■ **Data under study**:
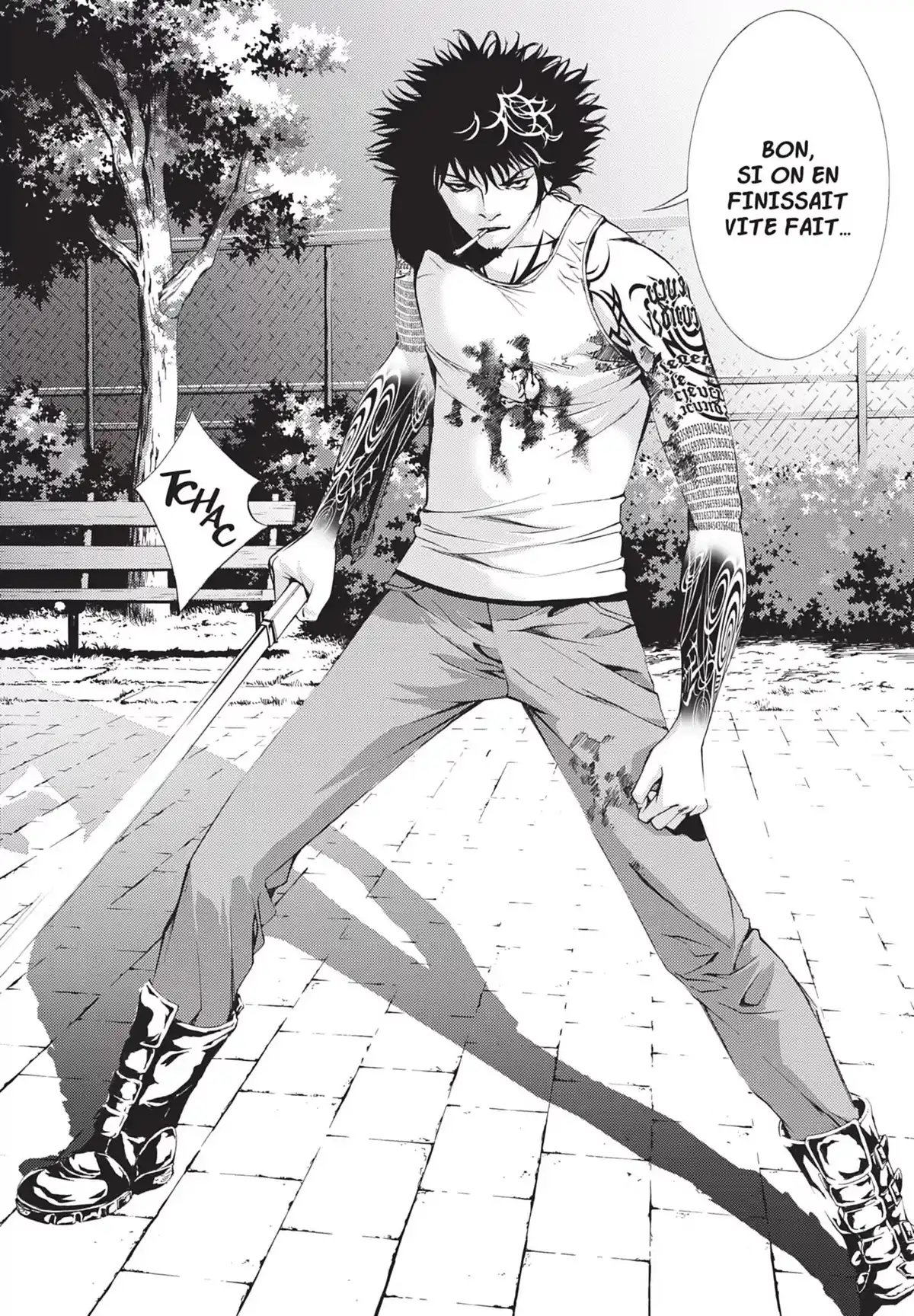 Tokkô Zero Volume 1 page 48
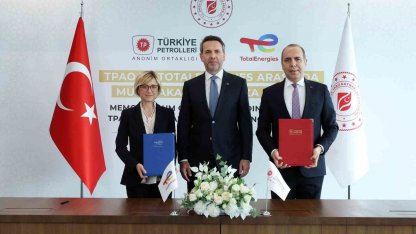 Bakan Bayraktar: "Ülkemizin enerjideki tam bağımsızlık yürüyüşüne güç katmaya devam edeceğiz"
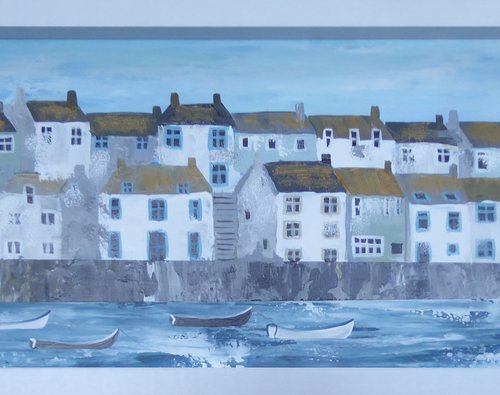 Polperro, The Warren by Elaine Allender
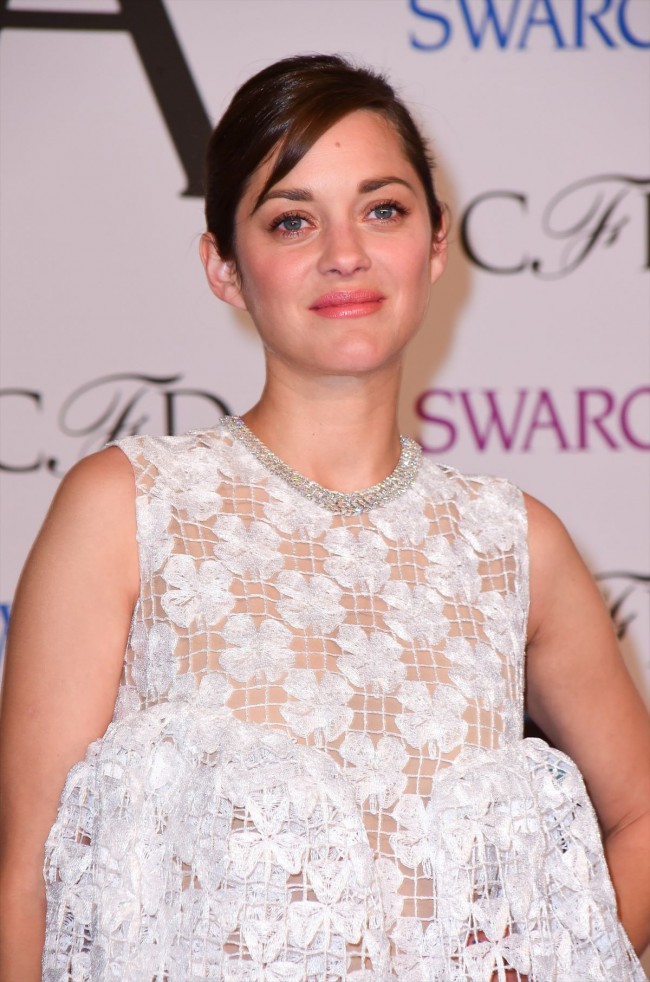 2014 CFDA Fashion Awards 20140602　CFDAファッションアワード　マリオン・コティヤール  Marion Cotillard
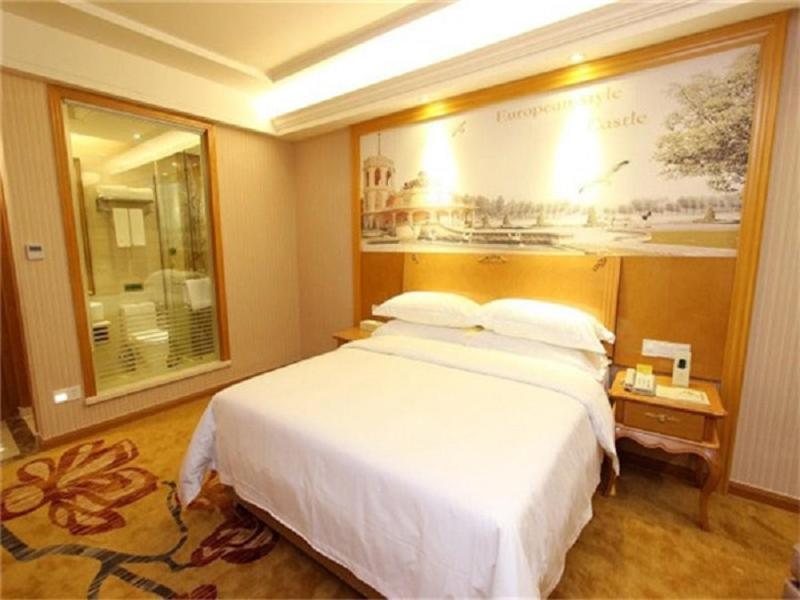 Vienna Classic Hotel Shenzhen Bantian Wuhe Avenue Exteriör bild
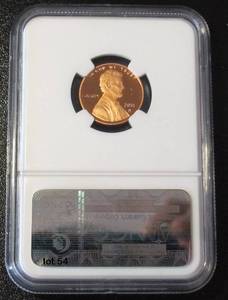 lot 54 image: 2011-S IC Early Release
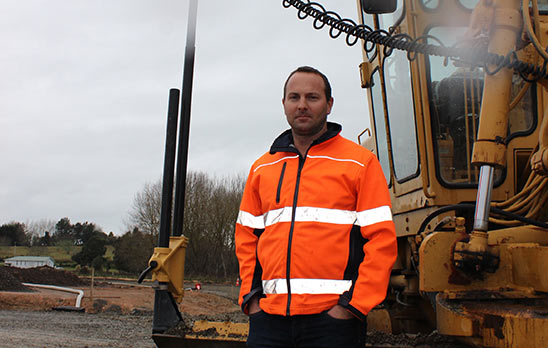 Paul Roberts. Director Base Civil.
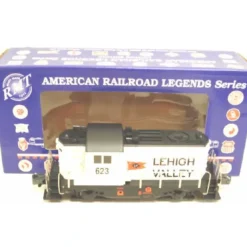 RMT 4381 O Lehigh Valley Powered BEEP Diesel Locomotive #623 - Model Train Junction: Quality Parts and Art Supplies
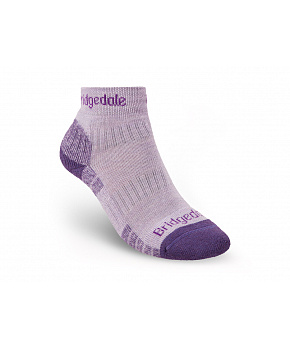 Bridgedale Hike LW MP Ankle Women's heather/damson/814 Bridgedale Hike LW MP Ankle Women's heather/damson/814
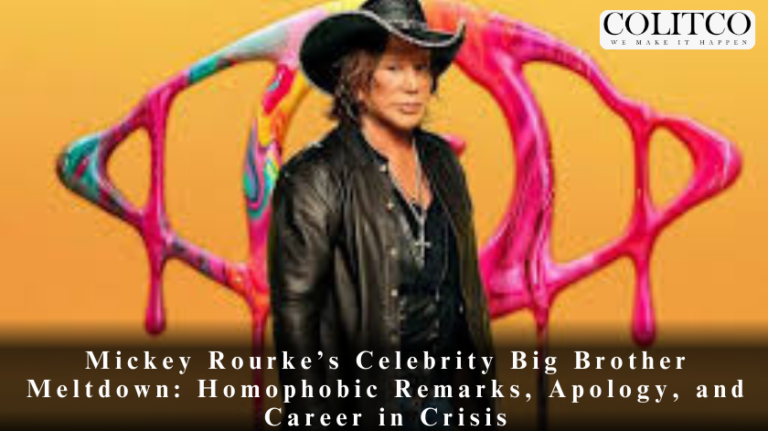 Mickey Rourke’s Celebrity Big Brother Meltdown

■ **Exercise goal**:
Would you please reproduce verbatim the run of lines that opens the listing and ends with the line holding "lot 54 image: 2011-S IC Early Release", and only that run, leaving every picture out?

■ **Task answer**:
 Tokkô Zero Volume 1 page 48
 Bakan Bayraktar: "Ülkemizin enerjideki tam bağımsızlık yürüyüşüne güç katmaya devam edeceğiz"
 Polperro, The Warren by Elaine Allender
 2014 CFDA Fashion Awards 20140602　CFDAファッションアワード　マリオン・コティヤール  Marion Cotillard
 Vienna Classic Hotel Shenzhen Bantian Wuhe Avenue Exteriör bild
 lot 54 image: 2011-S IC Early Release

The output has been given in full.